HOW TO COMPLETE THIS TASK. Please return, word for word, the line containing "Vintage Witch Wilton" and each line after it through the end of the data below, and nothing else.

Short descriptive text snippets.
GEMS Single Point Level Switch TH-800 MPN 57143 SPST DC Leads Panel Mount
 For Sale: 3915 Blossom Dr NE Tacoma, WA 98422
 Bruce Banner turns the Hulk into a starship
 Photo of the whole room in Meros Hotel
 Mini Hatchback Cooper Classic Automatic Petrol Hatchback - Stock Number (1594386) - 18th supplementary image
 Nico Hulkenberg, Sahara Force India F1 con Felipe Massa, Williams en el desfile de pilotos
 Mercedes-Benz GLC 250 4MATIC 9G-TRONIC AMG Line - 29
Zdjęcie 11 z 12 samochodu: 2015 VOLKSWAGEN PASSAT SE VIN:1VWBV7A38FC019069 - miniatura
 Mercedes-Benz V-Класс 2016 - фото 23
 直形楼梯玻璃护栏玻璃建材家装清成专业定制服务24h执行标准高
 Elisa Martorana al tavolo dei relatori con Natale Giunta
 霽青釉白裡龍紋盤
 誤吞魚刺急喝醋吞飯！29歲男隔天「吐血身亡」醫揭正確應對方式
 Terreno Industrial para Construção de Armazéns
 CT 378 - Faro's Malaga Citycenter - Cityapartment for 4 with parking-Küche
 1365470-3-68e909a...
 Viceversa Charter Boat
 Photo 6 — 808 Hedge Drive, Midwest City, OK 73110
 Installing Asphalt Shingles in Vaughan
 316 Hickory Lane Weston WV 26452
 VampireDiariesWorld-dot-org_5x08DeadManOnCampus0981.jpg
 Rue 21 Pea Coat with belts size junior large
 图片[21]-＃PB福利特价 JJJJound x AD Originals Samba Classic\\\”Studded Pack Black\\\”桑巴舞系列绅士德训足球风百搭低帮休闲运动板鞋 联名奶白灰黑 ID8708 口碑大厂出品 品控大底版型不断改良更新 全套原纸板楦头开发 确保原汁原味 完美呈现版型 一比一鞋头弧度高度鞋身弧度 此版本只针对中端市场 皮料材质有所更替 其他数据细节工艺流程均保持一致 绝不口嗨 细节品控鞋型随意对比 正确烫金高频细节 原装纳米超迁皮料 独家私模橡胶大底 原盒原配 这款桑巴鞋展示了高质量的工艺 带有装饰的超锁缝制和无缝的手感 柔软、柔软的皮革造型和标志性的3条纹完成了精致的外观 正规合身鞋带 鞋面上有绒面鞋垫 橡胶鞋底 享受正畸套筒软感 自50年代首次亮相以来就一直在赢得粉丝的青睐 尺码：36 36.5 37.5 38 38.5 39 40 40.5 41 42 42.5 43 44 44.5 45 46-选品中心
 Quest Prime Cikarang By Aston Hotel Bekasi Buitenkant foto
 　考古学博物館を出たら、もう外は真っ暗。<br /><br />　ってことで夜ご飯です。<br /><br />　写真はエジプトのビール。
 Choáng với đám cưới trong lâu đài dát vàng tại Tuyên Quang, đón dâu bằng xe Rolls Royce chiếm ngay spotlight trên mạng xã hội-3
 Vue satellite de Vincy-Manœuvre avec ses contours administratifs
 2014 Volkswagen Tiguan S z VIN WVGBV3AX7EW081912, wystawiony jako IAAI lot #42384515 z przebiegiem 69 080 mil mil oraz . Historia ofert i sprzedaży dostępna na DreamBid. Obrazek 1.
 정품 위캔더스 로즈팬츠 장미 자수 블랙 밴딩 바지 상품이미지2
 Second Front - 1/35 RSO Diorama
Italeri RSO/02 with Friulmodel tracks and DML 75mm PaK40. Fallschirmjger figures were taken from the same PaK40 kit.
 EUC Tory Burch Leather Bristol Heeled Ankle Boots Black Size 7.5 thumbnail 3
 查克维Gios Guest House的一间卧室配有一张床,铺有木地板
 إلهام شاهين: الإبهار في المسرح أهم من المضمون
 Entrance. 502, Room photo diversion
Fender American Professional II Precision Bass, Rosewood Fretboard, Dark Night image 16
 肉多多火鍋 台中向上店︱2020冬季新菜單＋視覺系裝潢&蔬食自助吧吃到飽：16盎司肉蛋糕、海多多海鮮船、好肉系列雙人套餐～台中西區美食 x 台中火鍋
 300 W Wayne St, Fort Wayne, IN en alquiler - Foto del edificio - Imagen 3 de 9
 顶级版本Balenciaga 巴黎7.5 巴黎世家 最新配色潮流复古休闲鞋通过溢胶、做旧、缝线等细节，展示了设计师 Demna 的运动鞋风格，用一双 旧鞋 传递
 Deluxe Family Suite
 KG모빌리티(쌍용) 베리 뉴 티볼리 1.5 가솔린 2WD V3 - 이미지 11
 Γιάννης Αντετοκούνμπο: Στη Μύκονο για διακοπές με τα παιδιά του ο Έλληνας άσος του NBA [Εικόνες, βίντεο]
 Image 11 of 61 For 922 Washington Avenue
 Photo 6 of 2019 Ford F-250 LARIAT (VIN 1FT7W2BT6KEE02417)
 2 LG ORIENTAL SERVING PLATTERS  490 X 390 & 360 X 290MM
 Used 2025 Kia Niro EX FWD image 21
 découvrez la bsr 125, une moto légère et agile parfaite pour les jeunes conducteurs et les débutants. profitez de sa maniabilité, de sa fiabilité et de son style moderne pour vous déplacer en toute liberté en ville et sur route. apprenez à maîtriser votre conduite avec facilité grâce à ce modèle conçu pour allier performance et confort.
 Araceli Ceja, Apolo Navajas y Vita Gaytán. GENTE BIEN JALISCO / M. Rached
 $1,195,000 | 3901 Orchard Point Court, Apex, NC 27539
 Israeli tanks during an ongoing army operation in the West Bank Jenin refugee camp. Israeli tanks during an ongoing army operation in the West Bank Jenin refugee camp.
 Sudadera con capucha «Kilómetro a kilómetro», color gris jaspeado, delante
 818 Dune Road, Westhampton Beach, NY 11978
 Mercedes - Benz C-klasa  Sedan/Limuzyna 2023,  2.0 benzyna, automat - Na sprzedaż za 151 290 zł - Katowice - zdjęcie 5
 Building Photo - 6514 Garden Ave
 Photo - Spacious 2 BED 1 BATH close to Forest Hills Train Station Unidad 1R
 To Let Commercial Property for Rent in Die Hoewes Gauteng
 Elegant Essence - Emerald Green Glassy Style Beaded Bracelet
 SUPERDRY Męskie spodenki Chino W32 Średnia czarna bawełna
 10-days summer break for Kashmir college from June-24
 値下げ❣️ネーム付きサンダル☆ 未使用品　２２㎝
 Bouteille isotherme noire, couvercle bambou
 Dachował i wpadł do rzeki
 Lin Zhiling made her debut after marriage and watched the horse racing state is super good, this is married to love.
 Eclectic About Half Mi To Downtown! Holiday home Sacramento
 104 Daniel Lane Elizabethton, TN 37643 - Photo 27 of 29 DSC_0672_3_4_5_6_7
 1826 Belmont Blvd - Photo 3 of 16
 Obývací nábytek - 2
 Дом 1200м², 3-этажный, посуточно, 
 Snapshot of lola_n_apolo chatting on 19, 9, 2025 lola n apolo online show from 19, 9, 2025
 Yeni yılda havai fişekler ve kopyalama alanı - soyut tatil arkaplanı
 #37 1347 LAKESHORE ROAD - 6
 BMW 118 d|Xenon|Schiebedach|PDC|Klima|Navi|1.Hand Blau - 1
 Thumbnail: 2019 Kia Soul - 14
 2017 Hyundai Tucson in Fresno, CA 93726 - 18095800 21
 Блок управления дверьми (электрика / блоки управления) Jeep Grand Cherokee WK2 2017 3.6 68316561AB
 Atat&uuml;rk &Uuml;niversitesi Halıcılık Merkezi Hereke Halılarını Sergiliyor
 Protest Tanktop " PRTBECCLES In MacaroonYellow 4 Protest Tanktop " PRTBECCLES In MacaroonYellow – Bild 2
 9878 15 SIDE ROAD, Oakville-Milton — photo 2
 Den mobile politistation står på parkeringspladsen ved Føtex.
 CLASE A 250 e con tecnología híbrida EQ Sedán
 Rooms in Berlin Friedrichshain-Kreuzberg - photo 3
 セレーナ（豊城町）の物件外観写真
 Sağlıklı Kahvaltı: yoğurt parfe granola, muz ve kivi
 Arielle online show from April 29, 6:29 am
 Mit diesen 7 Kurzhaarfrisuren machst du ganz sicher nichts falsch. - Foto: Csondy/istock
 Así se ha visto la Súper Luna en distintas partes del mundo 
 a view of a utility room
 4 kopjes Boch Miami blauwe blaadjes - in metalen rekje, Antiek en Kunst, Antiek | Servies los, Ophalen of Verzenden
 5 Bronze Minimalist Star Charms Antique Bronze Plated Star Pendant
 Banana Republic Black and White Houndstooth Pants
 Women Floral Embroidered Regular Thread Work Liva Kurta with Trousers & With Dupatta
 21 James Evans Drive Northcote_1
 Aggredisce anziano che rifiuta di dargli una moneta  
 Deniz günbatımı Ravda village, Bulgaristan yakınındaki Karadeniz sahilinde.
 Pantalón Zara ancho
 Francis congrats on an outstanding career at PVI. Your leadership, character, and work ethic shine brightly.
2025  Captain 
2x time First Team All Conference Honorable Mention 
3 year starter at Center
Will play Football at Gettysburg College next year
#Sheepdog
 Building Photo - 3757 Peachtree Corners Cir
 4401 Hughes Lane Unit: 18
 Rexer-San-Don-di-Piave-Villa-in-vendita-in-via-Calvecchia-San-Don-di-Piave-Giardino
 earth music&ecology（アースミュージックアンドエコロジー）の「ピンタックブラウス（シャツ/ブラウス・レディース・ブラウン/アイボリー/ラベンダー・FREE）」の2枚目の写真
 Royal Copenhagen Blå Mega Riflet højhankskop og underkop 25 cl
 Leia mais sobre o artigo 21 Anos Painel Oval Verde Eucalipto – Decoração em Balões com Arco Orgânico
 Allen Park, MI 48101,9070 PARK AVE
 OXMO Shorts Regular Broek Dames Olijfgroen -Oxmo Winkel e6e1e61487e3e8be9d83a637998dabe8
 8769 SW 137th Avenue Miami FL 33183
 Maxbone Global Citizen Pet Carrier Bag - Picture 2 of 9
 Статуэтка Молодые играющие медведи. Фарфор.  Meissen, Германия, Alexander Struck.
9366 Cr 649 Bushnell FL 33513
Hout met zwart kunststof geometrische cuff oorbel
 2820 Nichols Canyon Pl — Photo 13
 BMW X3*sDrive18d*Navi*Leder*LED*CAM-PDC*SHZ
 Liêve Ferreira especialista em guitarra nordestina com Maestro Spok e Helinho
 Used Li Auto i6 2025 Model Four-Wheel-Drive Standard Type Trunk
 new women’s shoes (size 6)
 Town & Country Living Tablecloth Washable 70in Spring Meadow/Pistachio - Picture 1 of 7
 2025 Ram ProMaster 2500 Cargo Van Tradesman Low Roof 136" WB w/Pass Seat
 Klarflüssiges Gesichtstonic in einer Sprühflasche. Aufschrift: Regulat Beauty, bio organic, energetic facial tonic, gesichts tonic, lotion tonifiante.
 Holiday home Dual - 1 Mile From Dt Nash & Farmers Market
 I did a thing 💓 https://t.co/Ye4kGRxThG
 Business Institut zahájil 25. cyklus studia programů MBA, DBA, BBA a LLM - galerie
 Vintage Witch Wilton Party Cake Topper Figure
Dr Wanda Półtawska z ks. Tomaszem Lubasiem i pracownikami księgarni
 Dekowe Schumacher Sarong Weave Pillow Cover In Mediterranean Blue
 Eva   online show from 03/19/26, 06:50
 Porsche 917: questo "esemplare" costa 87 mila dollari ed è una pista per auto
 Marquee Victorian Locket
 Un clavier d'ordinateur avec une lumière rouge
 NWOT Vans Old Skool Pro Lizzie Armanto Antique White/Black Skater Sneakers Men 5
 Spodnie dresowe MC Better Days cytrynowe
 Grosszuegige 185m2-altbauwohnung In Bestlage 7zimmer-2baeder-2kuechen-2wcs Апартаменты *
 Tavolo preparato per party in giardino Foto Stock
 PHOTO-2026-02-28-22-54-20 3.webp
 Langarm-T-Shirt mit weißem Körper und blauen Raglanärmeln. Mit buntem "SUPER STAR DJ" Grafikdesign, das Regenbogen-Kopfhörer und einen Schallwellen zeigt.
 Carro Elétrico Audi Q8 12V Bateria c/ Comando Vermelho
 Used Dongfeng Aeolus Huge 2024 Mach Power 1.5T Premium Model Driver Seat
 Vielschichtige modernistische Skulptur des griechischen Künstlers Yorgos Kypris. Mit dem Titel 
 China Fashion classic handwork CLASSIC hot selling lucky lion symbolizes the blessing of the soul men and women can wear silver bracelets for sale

OUTPUT FOR THIS TASK.
 Vintage Witch Wilton Party Cake Topper Figure
Dr Wanda Półtawska z ks. Tomaszem Lubasiem i pracownikami księgarni
 Dekowe Schumacher Sarong Weave Pillow Cover In Mediterranean Blue
 Eva   online show from 03/19/26, 06:50
 Porsche 917: questo "esemplare" costa 87 mila dollari ed è una pista per auto
 Marquee Victorian Locket
 Un clavier d'ordinateur avec une lumière rouge
 NWOT Vans Old Skool Pro Lizzie Armanto Antique White/Black Skater Sneakers Men 5
 Spodnie dresowe MC Better Days cytrynowe
 Grosszuegige 185m2-altbauwohnung In Bestlage 7zimmer-2baeder-2kuechen-2wcs Апартаменты *
 Tavolo preparato per party in giardino Foto Stock
 PHOTO-2026-02-28-22-54-20 3.webp
 Langarm-T-Shirt mit weißem Körper und blauen Raglanärmeln. Mit buntem "SUPER STAR DJ" Grafikdesign, das Regenbogen-Kopfhörer und einen Schallwellen zeigt.
 Carro Elétrico Audi Q8 12V Bateria c/ Comando Vermelho
 Used Dongfeng Aeolus Huge 2024 Mach Power 1.5T Premium Model Driver Seat
 Vielschichtige modernistische Skulptur des griechischen Künstlers Yorgos Kypris. Mit dem Titel 
 China Fashion classic handwork CLASSIC hot selling lucky lion symbolizes the blessing of the soul men and women can wear silver bracelets for sale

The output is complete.